EXERCISE DIRECTIONS – Below are some records. Retype exactly the lines from the one containing "#CircularThoughts #SustainableActions" through the one containing "Lote en la Vereda", both included, skipping every picture.

RECORDS SUPPLIED –
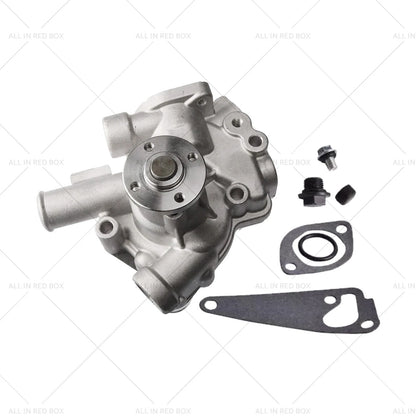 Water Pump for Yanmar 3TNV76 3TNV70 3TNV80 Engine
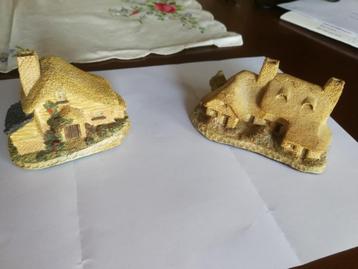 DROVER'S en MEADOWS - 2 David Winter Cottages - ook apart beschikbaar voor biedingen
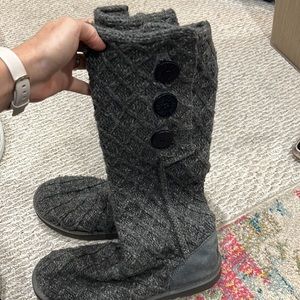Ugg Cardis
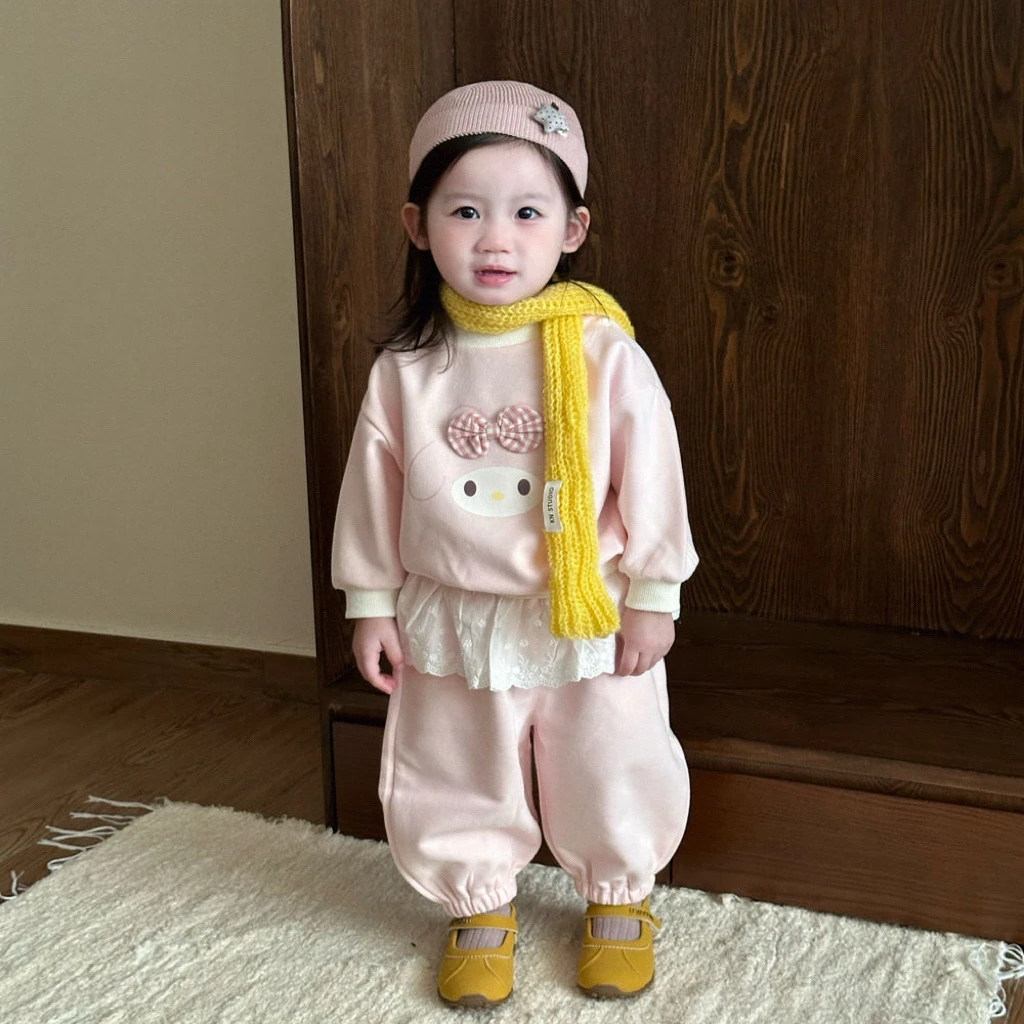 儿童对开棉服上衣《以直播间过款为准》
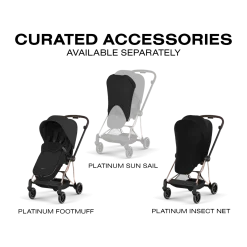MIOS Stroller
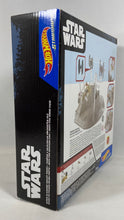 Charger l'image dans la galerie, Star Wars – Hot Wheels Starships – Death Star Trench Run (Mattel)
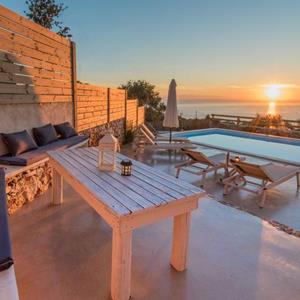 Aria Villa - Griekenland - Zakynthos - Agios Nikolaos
...
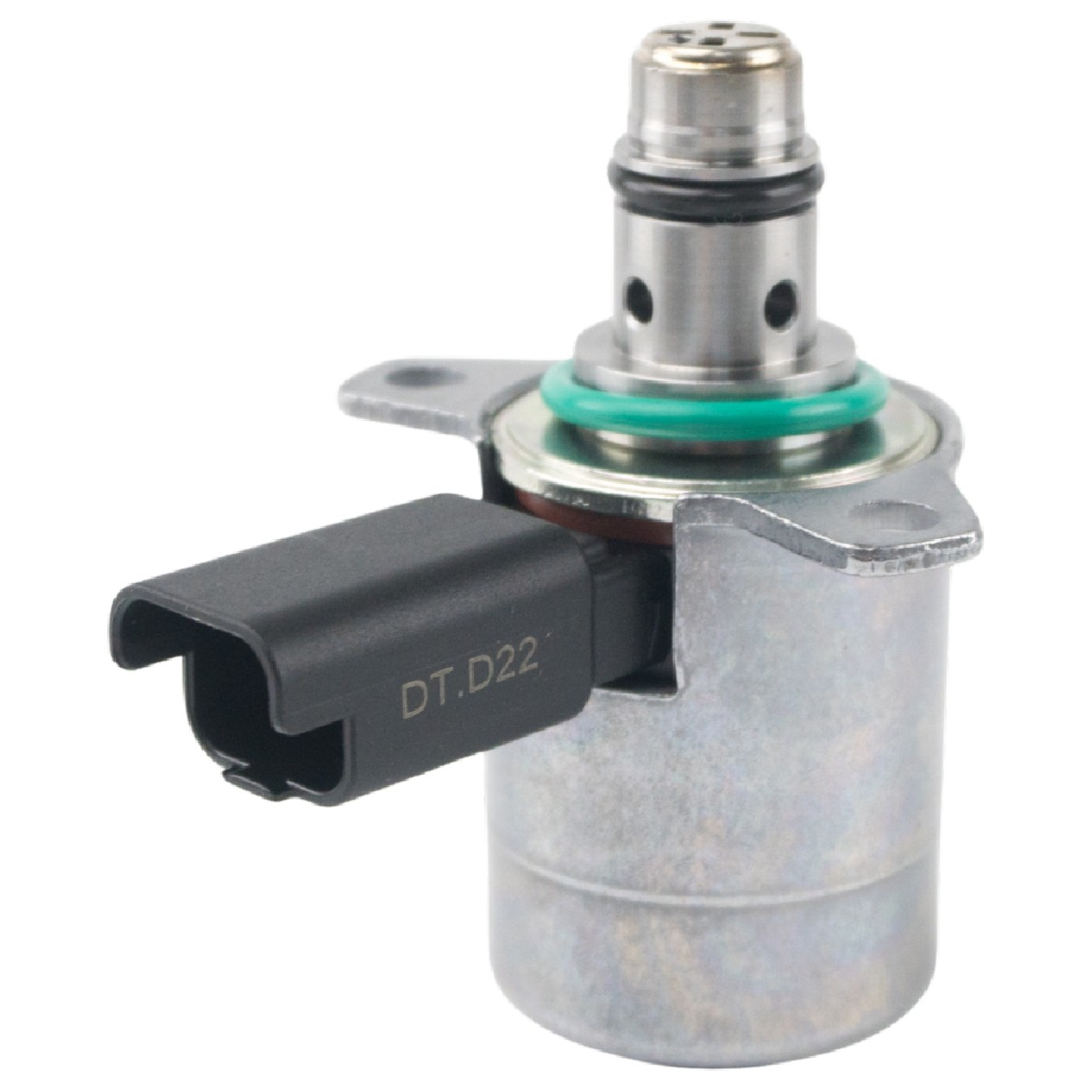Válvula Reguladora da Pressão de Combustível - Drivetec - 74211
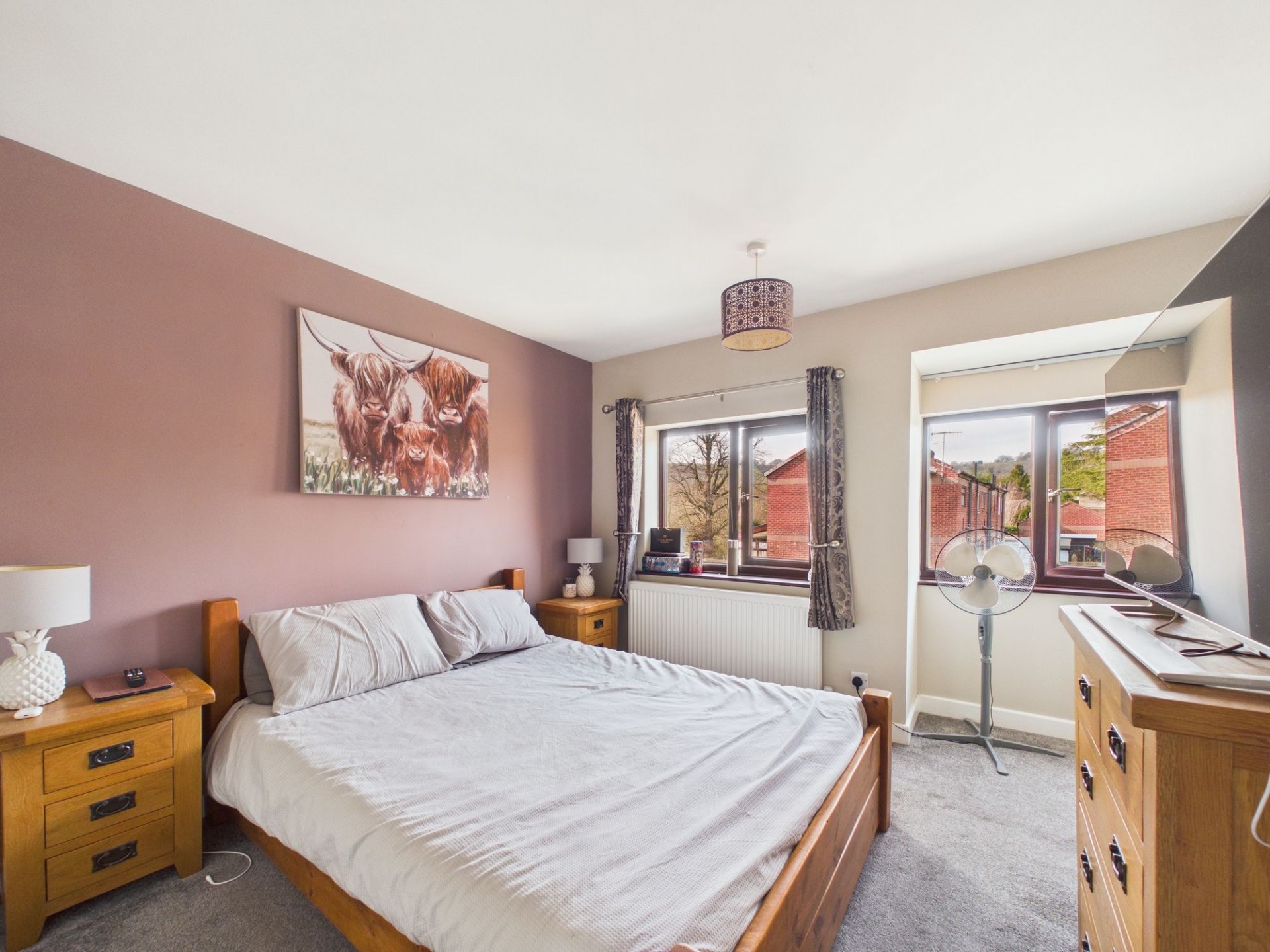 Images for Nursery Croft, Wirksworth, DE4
--
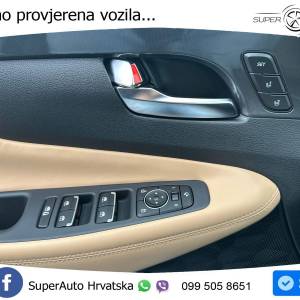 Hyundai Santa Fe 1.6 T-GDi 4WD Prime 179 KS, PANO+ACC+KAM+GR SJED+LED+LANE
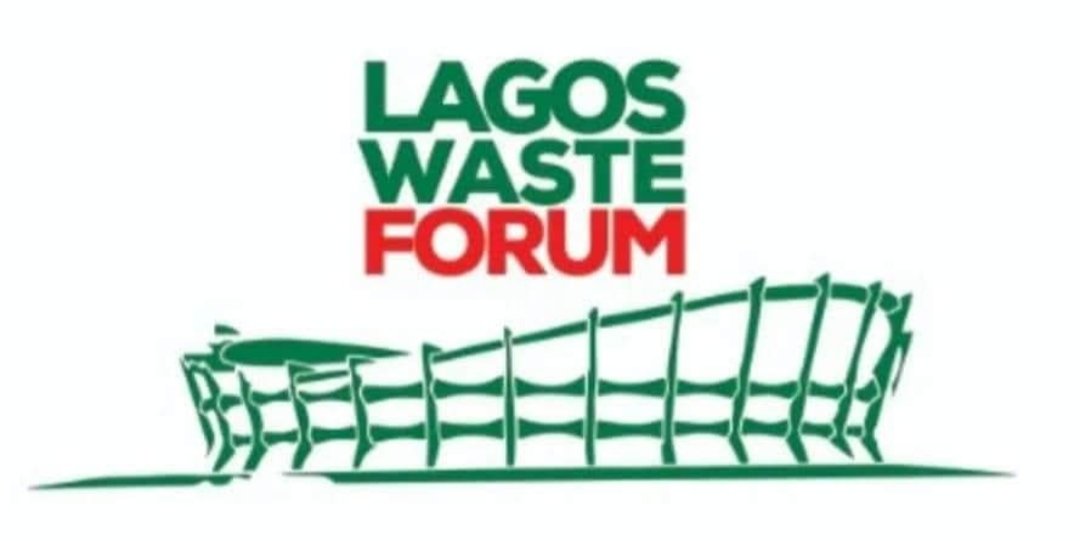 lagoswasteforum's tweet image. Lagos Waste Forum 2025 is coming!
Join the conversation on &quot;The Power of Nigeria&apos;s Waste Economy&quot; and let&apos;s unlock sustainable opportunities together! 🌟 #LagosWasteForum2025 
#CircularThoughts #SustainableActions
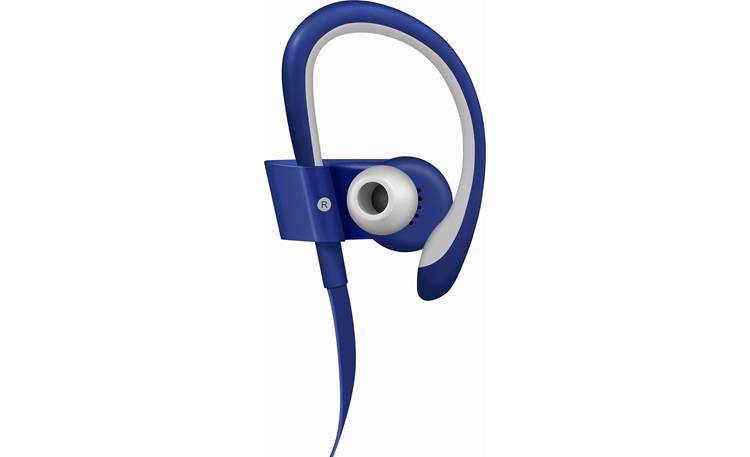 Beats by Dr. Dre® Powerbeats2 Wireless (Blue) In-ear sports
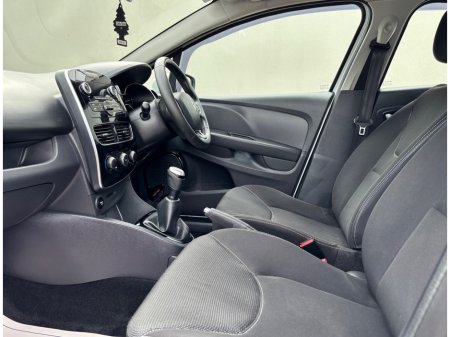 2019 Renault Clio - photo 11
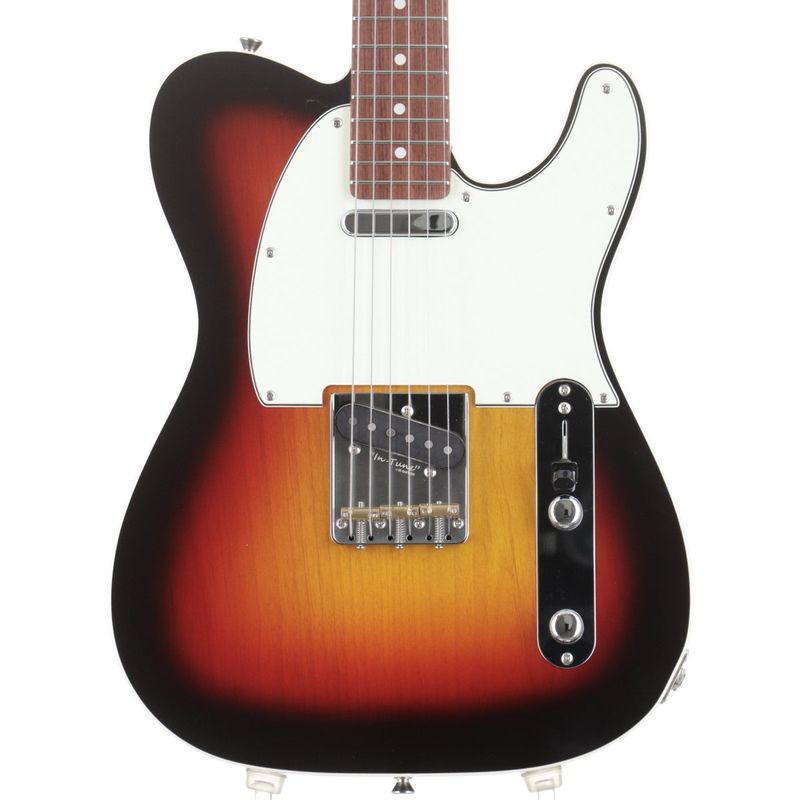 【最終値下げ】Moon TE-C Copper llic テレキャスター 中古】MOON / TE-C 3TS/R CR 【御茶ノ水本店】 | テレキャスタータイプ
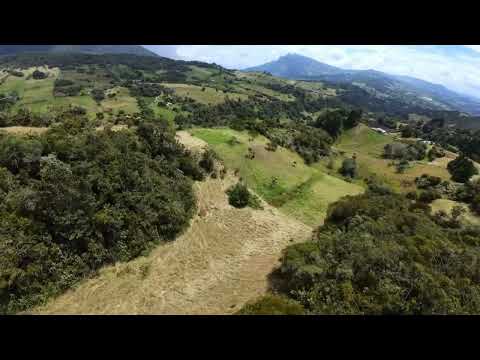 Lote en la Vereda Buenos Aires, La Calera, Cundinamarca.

RESPONSE AREA –
#CircularThoughts #SustainableActions
 Beats by Dr. Dre® Powerbeats2 Wireless (Blue) In-ear sports
 2019 Renault Clio - photo 11
 【最終値下げ】Moon TE-C Copper llic テレキャスター 中古】MOON / TE-C 3TS/R CR 【御茶ノ水本店】 | テレキャスタータイプ
 Lote en la Vereda Buenos Aires, La Calera, Cundinamarca.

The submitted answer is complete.